Mas para que mundo vamos nos mudar? Estamos todos obrigados a acreditar na
história de que Deus vendeu o planeta a umas quantas empresas porque, estando
de mau humor, resolveu privatizar o universo? A sociedade de consumo é uma
arapuca para bobos. Os que puxam os cordéis fingem ignorar, mas qualquer um que
tenha olhos pode ver que a grande maioria das pessoas consome necessariamente
pouco, pouquinho ou nada, para que se garanta a existência da pouca natureza
que nos resta. A injustiça social não é um erro a corrigir, um defeito a
superar: é uma necessidade essencial.
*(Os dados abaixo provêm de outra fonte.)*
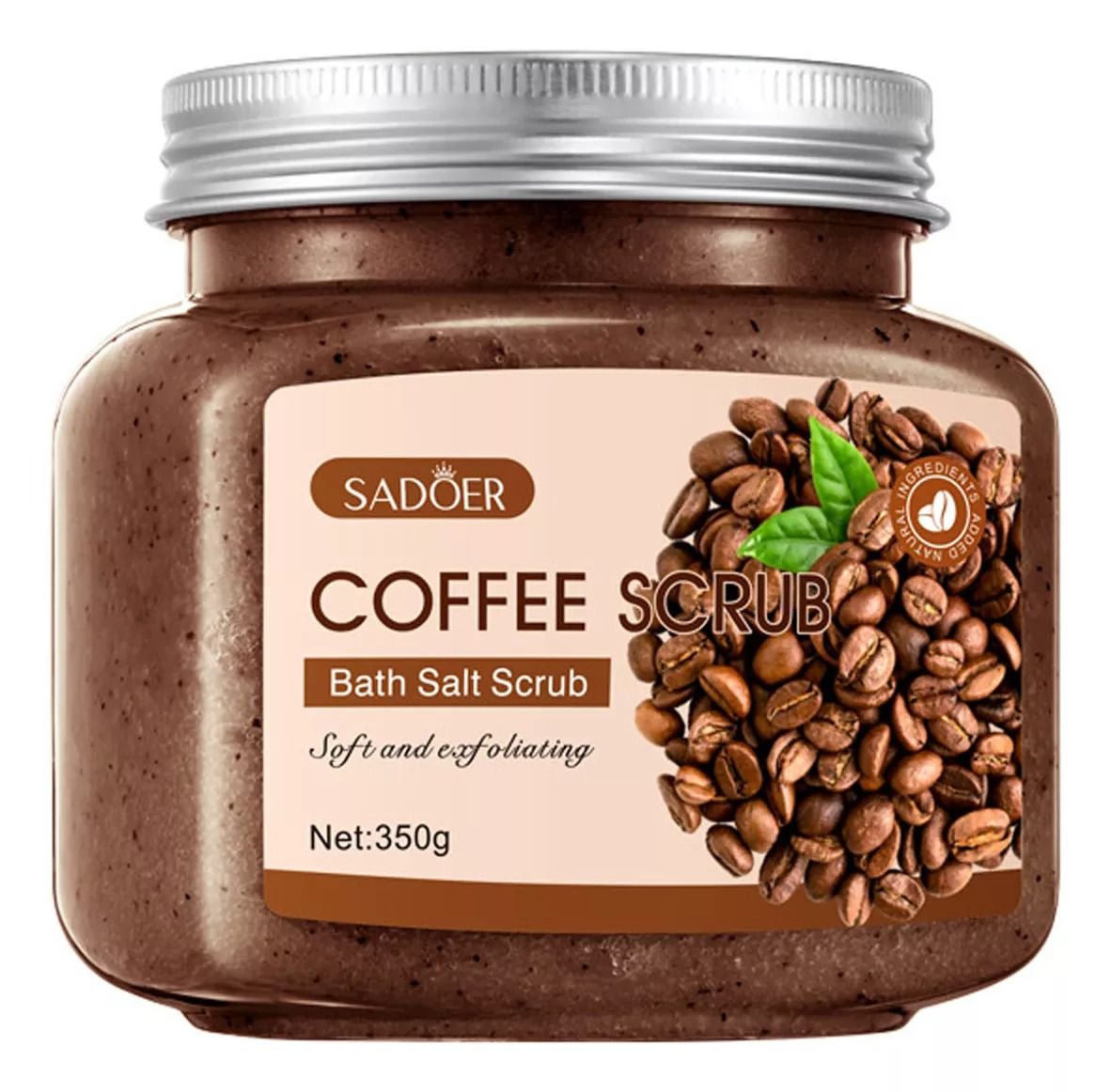 Coffee Exfoliating Scrub Body & Face Scrub Remove Dead Skin Brighten Smooth Sea Salt Pore Cleaning Anti Cellulite Moisturizing Body Care Whitening SPA for Smooth & Glowing Skin - SADOER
Não há natureza capaz de alimentar um shopping
center do tamanho do planeta.
Os
presidentes dos países do sul que prometem o ingresso no Primeiro Mundo – um
passe de mágica que nos transformará em prósperos membros do reino do
esbanjamento – deveriam ser processados por fraude e por apologia do crime. Por
fraude, porque prometem o impossível. Se todos consumíssemos como consomem os
espremedores do mundo, ficaríamos sem mundo. E por apologia do crime: este
modelo de vida que nos é oferecido como um grande orgasmo da vida, estes
delírios de consumo que dizem ser a chave da felicidade, estão adoecendo nosso
corpo, envenenando nossa alma e nos deixando sem casa: aquela casa que o mundo
quis ser quando ainda não era.”
“A cibercomunidade nascente encontra refúgio na realidade virtual,
enquanto as cidades se transformam em imensos desertos cheios de gente, onde
cada qual vela por seu santo e está metido em sua própria bolha. Há quarenta
anos, segundo as pesquisas, seis de cada dez norte-americanos confiavam na
maioria das pessoas. Hoje a confiança murchou: só quatro de cada dez confiam
nos demais. Esse modelo de desenvolvimento desenvolve o desvinculação. Quanto
mais se sataniza a relação com as pessoas, que podem te passar a Aids, te tirar
o emprego ou te depenar a casa, mais se sacraliza a relação com as máquinas. A
indústria da comunicação, a mais dinâmica da economia mundial, vende os
abracadabras que dão acesso à Nova Era da história da humanidade. Mas esse
mundo comunicadíssimo está se parecendo demais com um reino de sozinhos e de
mudos.
Os
meios dominantes de comunicação estão em poucas mãos, que são cada vez menos
mãos e em regra atuam a serviço de um sistema que reduz as relações humanas ao
mútuo uso e ao mútuo medo.”
“Dois de cada três seres humanos vivem no chamado Terceiro Mundo, mas
dois de cada três correspondentes das agências noticiosas mais importantes
fazem seu trabalho na Europa e nos Estados Unidos. Em que consistem o livre
fluxo da informação e o respeito à pluralidade, que os tratados internacionais
afirmam e os discursos dos governantes invocam? A maioria das notícias que o
mundo recebe provém da minoria da humanidade e a ela se dirige. Isso é muito
conveniente do ponto de vista das agências, empresas comerciais dedicadas à
venda da informação, que arrecadam na Europa e nos Estados Unidos a parte do
leão de seus ganhos. Um monólogo do norte do mundo: as demais regiões e países
recebem pouca ou nenhuma atenção, salvo em caso de guerra ou catástrofe, e com
frequência os jornalistas, que transmitem o que acontece, não falam a língua do
lugar nem têm a menor ideia a respeito da história e da cultura locais. As
informações que divulgam costumam ser duvidosas e, nalguns casos, francamente
mentirosas. O sul fica condenado a olhar para si mesmo através de olhos que o
depreciam.
No
começo dos anos 80, a UNESCO patrocinou um projeto, nascido da certeza de que a
informação não é uma simples mercadoria, mas um direito social, e que a
comunicação tem a responsabilidade da função educativa que exerce. Aventou-se,
então, a possibilidade de se criar uma nova agência internacional de notícias,
para informar com independência e sem nenhum tipo de pressão, desde os países
que são tratados com indiferença pelas fábricas de informação e de opinião.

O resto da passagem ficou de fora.